Bottom Line: In addition, examination of structural changes in these isoforms by molecular dynamics simulation and NMR spectrometry suggested that the third RRM of R3δ isoform was flexible and did not form an RRM structure.Our results suggest that CUGBP2 regulates the splicing of ACTN1 and insulin receptor by different mechanisms.The present findings specifically show how alternative splicing events that result in three-dimensional structural changes in CUGBP2 can lead to changes in its biological activity.

View Article: PubMed Central - HTML - PubMed

Affiliation: Center for Nano Materials and Technology, Japan Advanced Institute of Science and Technology, Ishikawa 923-1292, Japan. suzuki-h@jaist.ac.jp

ABSTRACT

Background: CELF/Bruno-like proteins play multiple roles, including the regulation of alternative splicing and translation. These RNA-binding proteins contain two RNA recognition motif (RRM) domains at the N-terminus and another RRM at the C-terminus. CUGBP2 is a member of this family of proteins that possesses several alternatively spliced exons.

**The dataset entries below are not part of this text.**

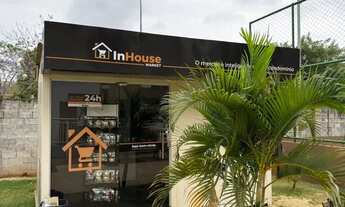 Imagem 3: Apartamento para Venda, Residencial Toulouse Life no bairro Setor Sul Jamil Miguel, em Aná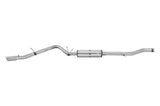 3" Cat-Back Exhaust Chevy Suburban / GMC Yukon XL 1500 5.3/6.0L 09-14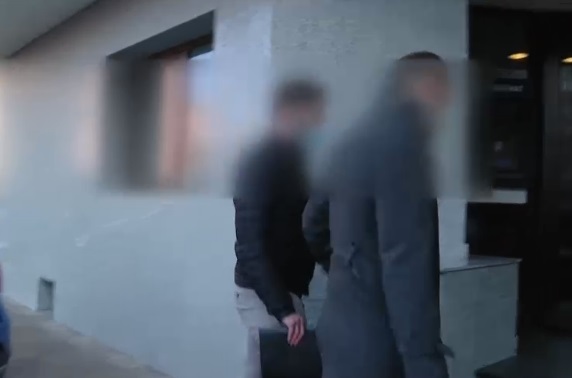 Prima declarație dată de polițistul care a lovit mortal un copil în sectorul 1. El a recunoscut că nu avea o misiune urgentă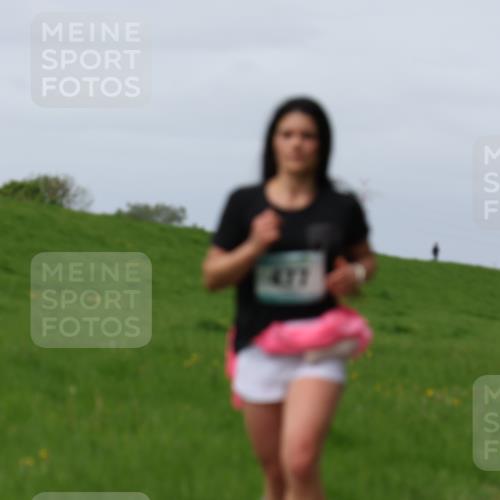 04.05.2025 - 8. Wedeler Halbmarathon Yannick Fuchs http://msf.ph/oto/7827017 04.05.2025 11:56:15 Laufen 431 meine-sportfotos.de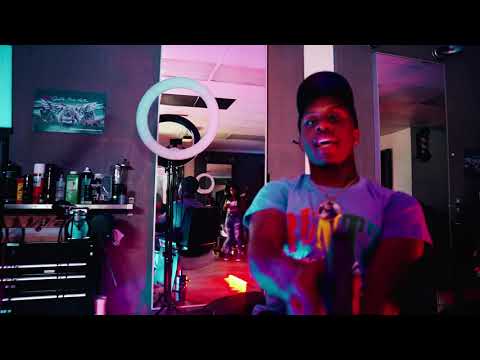 Guapadella & Zo Dawg - Rhino 7 (Official Music Video) Shot By Yano4L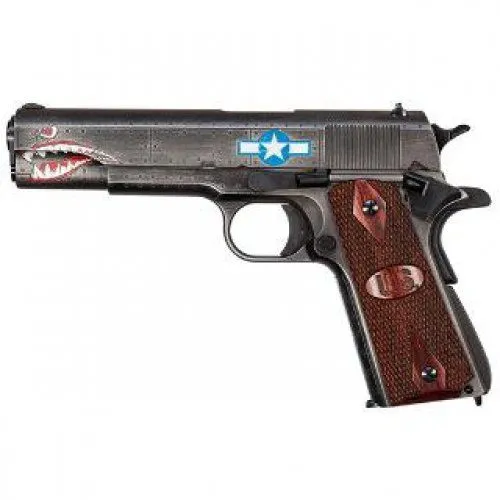 Auto Ordnance 1911 1911BKOWC3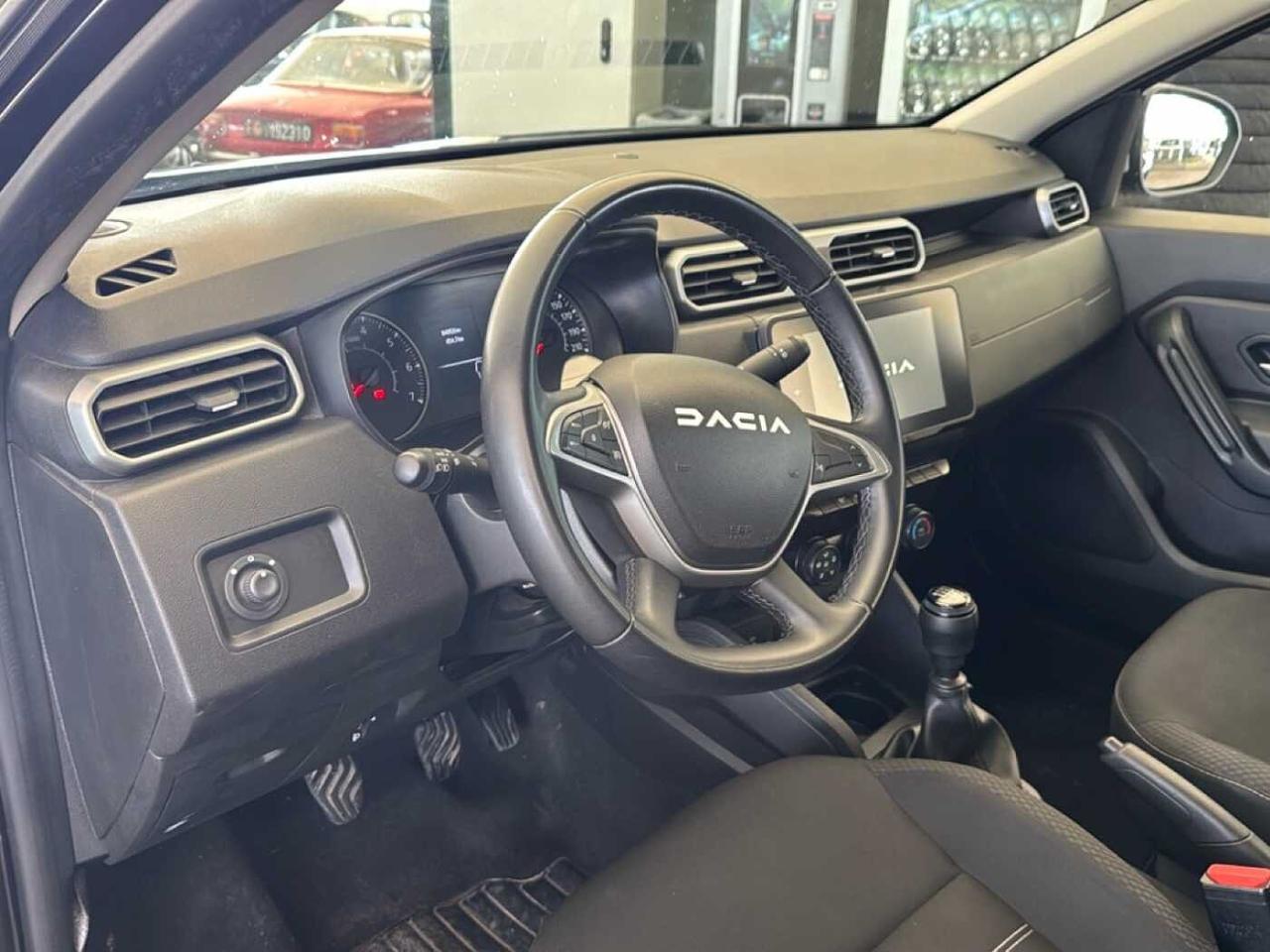 Dacia Dacia Duster usata 23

Results: The present study investigated the expression of exon 14, which is an alternatively spliced exon and encodes the first half of the third RRM of CUGBP2. The ratio of exon 14 skipping product (R3δ) to its inclusion was reduced in neuronal cells induced from P19 cells and in the brain. Although full length CUGBP2 and the CUGBP2 R3δ isoforms showed a similar effect on the inclusion of the smooth muscle (SM) exon of the ACTN1 gene, these isoforms showed an opposite effect on the skipping of exon 11 in the insulin receptor gene. In addition, examination of structural changes in these isoforms by molecular dynamics simulation and NMR spectrometry suggested that the third RRM of R3δ isoform was flexible and did not form an RRM structure.

Conclusion: Our results suggest that CUGBP2 regulates the splicing of ACTN1 and insulin receptor by different mechanisms. Alternative splicing of CUGBP2 exon 14 contributes to the regulation of the splicing of the insulin receptor. The present findings specifically show how alternative splicing events that result in three-dimensional structural changes in CUGBP2 can lead to changes in its biological activity.